Friday, November 7, 2008

Why Blog...?


There’s little more exciting than a great thought. To capture that thought in written form somehow solidifies it…photographs it, if you will, or maybe even legitimizes it for the more insecure thinkers…it appeases our own humanitarianly narcissistic need to make ourselves known in this paradoxical world. Paradoxical it surely is as the larger it becomes, the more it shrinks- the smaller it gets, the larger it grows.

Perhaps many choose to use blogging as a window into their own lives. As the world turns faster every day, humans are left screaming at the top of their lungs in the midst of the tornado that we ourselves, ironically, create. The internet and its holdings provide a safe haven in which many feel like their voices, no matter how meek or mild, can be heard. It is a way of staying afloat in the ocean of the years that we endure on this planet. More crudely put, we all just need some attention.

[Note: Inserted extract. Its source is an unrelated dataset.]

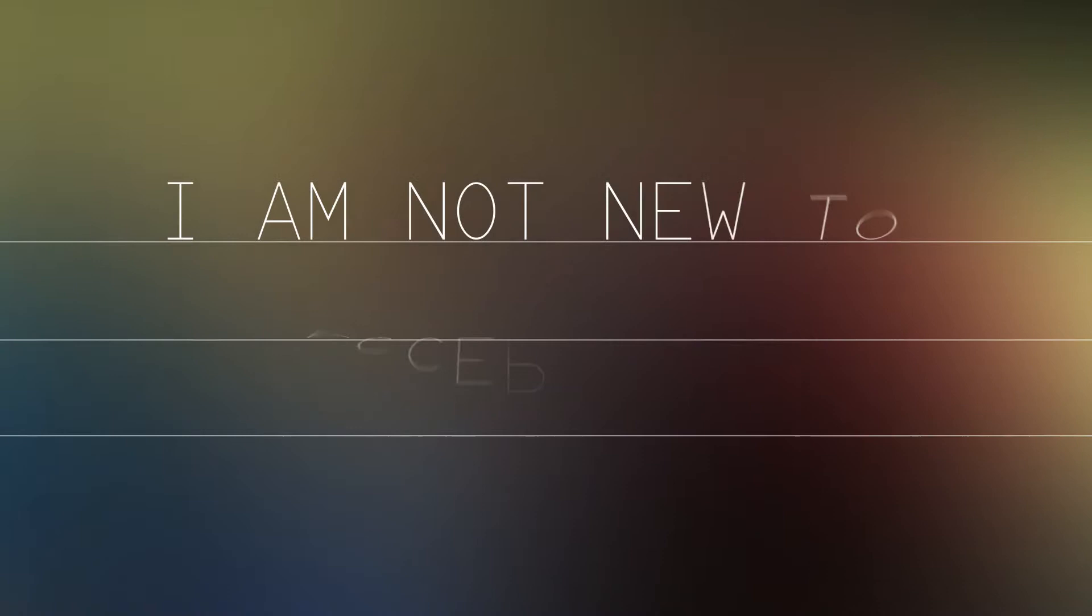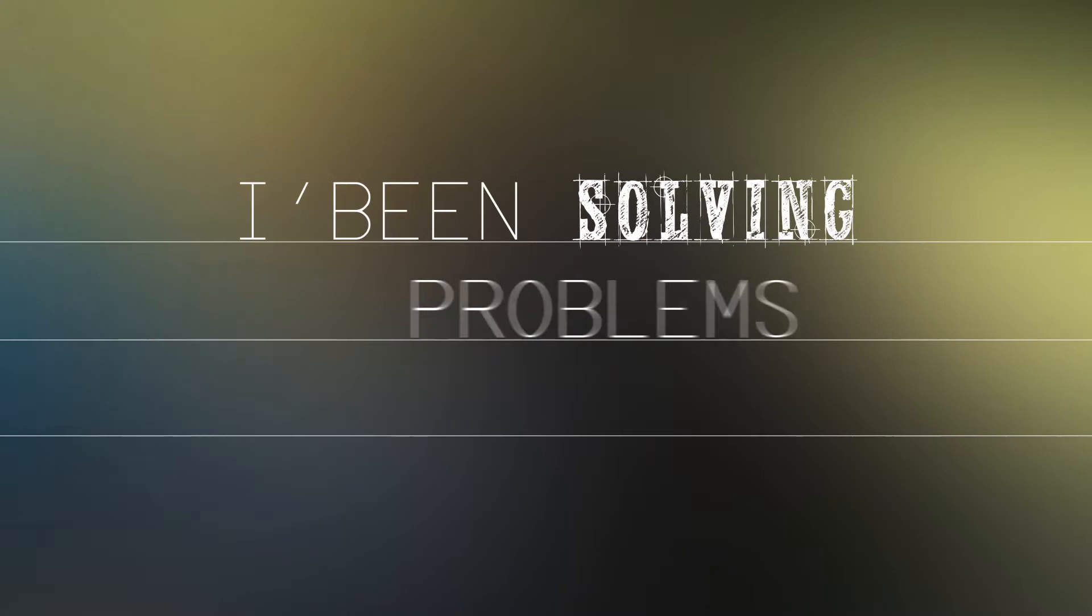I am not new to accepting responsibility. I have done it all of my life. I have been solving problems all of my life.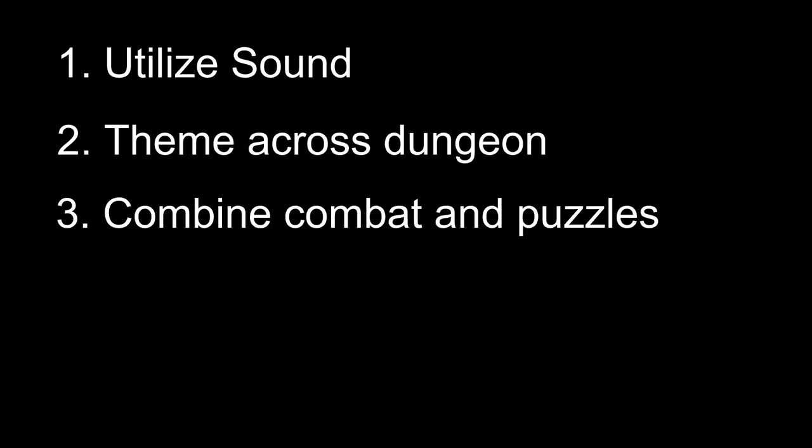The Musical Doors puzzle is a puzzle with a few goals. The first is to utilize sound, which can be underrepresented in puzzles. The second is to provide a theme for a small dungeon, and the third is to combine combat and puzzle solution.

I have often felt that modern society and all of its components, namely, the internet, threatens the legitimacy of, and exploits the evocation of feelings induced by art. I often ponder if one can feel the same overwhelming and sometimes unexplainable passions when their eyes are plastered to a glaring computer screen, as opposed to participating in the act of art by standing five feet from Picasso’s Guernica, or holding tangibly, Edith Wharton’s Ethan Frome. I certainly couldn’t, but perhaps I am what some might call “old-fashioned.” The devil’s advocate, however, might call the internet, and the vehicle it creates for society, art in itself. The devil’s advocate may also say that without technology, art could not thrive. For example, records, followed by cassettes, proceeded by compact discs, and now Itunes, have made thousands of songs, voices, emotions, opinions and pleasures, available to those who otherwise would not be able to hear them. Thousands of museums and other cultural institutions might not be discovered if they were not readily found by the clicking fingertips that graze the keyboard.

Two hundred years ago, in order to see one’s neighbor, one might need to travel a considerable distance. If a friend or family member decided to relocate to another state, country, maybe merely another county, they might never be seen again. It is this distance, I propose, that created closeness- a strong bond of humanity that was unshaken by miles, time zones or the elements. Fond memories and letters as physical evidence of sentiment helped maintain nearness. Today, the distance factor has been breached, yet humans have become more and more detached from one another. Or do we? Is it possible to feel the same excitement when a long awaited, quill pen written letter arrives in the hands of the mailman, as when the e-mail inbox sounds “bing” (and alerts its possessor of a typed-in-a-generic-font, paragraph deficient, with a sometimes misconstrued-tone e-mail)? Maybe it’s just different. Diverse, in the same way that blogging might be compared to journal writing, or “Facebooking” might take the place of a phone call.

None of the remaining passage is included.